Portal primer

If you asked 100 people for their definition of an enterprise portal, you would get a variety of responses. To some, a portal is the Web site they open to find out when the cafeteria will serve macaroni and cheese. To some, a portal is a technology framework that supports integration with multiple systems. And to others, a portal is their killer app — the system through which they access all of the content, processes, data and functionality they need to do their job.

The concept of a portal is not a new one, nor is the wide array of technologies that supports portal implementation. Despite these facts, many enterprises struggle with the same basic issues — Why do I need to implement a portal? What is its real business value? How will it scale over time?

While the answers to these questions differ for every organization, the reason they remain unanswered is generally the same. It is all too common that an organization views portal development as purely a technology exercise — the implementation of a set of software that is looking for a problem to solve.

Perhaps portal vendor X has done a good job of selling a set of features for their software, perhaps the CIO likes to stay on the bleeding edge or perhaps an enterprising young developer spends her free time building prototypes using the latest technology.

This is all well and good, but successful enterprise portal development needs to take a different, more comprehensive approach.

Business requirements
First, it is important to define what a portal is and what it can become. At a high level, a portal is a single point of access to an organization’s information, knowledge, applications and data for employees, customers, vendors and intermediaries.

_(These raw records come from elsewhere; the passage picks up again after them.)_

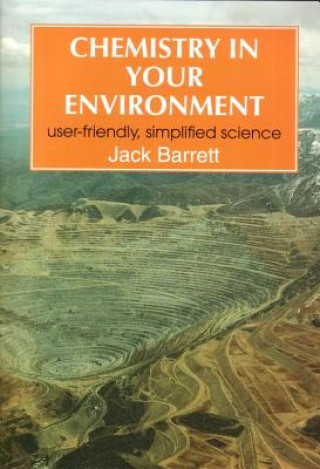 Kniha Chemistry in Your Environment Jack Barrett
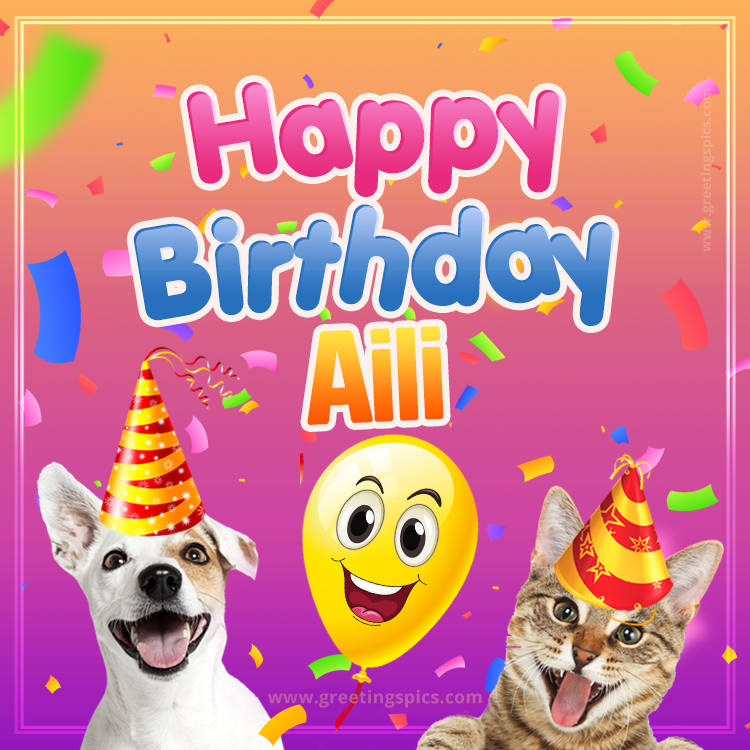 Happy Birthday Aili Funny Image with cat and dog (square shape image)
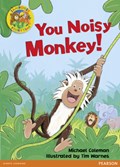 Jamboree Storytime Level B: You Noisy Monkey Little Book | Michael Coleman | 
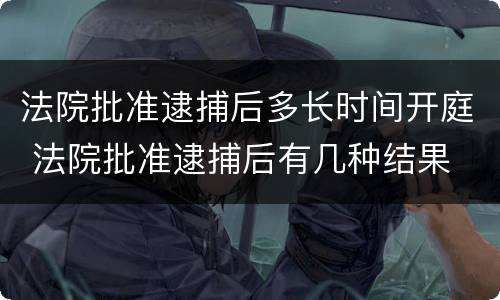 法院批准逮捕后多长时间开庭 法院批准逮捕后有几种结果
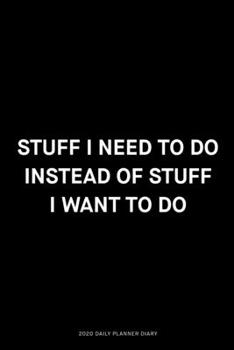 Paperback Stuff I need to do instead of stuff I want to do: Jan 1, 2020 to Dec 31, 2020: Daily, Weekly & Monthly View Planner, Funny Notebook Sarcastic Humour J Book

Given this definition, an organization must define its overall business requirements (i.e., why do we need a portal?), and then determine how a portal can help meet those requirements. For example, is the portal implementation focused on internal work force efficiencies, or is it focused on generating new revenue streams from an existing client base?

Regardless of business objectives, this exercise will create a set of benchmarks that can ultimately measure the portal’s success and ROI, and help frame a prioritization plan to scale the portal over time.

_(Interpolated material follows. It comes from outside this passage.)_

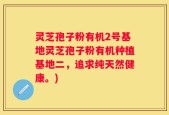 灵芝孢子粉有机2号基地灵芝孢子粉有机种植基地二，追求纯天然健康。)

User and functional requirements
Next, an organization must clearly articulate its user and functional requirements, which in turn will define user segments (i.e., who will use the portal?) and user needs (i.e., what will the portal do?). This exercise helps ensure buy-in and adoption from the portal’s users, necessary for successful implementation.

Technical requirements
It is only after these requirements have been defined that the technical requirements discussion should truly begin. Rarely, if ever, should this be a blue-sky decision, unbounded by existing technology parameters.

Most major portal software packages are robust enough to meet basic functional and integration requirements (e.g., collaboration, document management, work flow and personalization), so platform decisions will rely primarily on existing corporate standards and specific portal requirements as defined in the previous exercises. It is important that business and user requirements drive technology decisions and not vice versa.

Operational requirements
One final consideration, one often ignored during portal implementation initiatives, is the new system’s operational requirements (i.e., how will we run, maintain and enhance the portal over time?). This exercise helps determine processes for adding functionality to the portal, adding integration points, and/or expanding the portal’s focus to include more internal or external constituents.

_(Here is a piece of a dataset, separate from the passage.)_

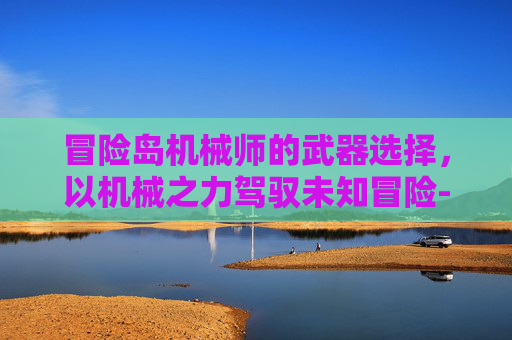 冒险岛机械师的武器选择，以机械之力驾驭未知冒险-冒险岛机械师用什么武器好
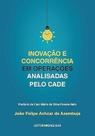 Inovação e Concorrência Em Operações Analisadas Pelo Cade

Without defining these processes early, the portal can evolve into a motley collection of visual interfaces, content areas, data structures and integration points, thus defeating the efficiencies that were part of its original goals.

By clearly defining business and user objectives, and by allowing these objectives to drive the technology and operational decisions that govern portal implementation, an organization will maximize the benefit of their portal development and implementation.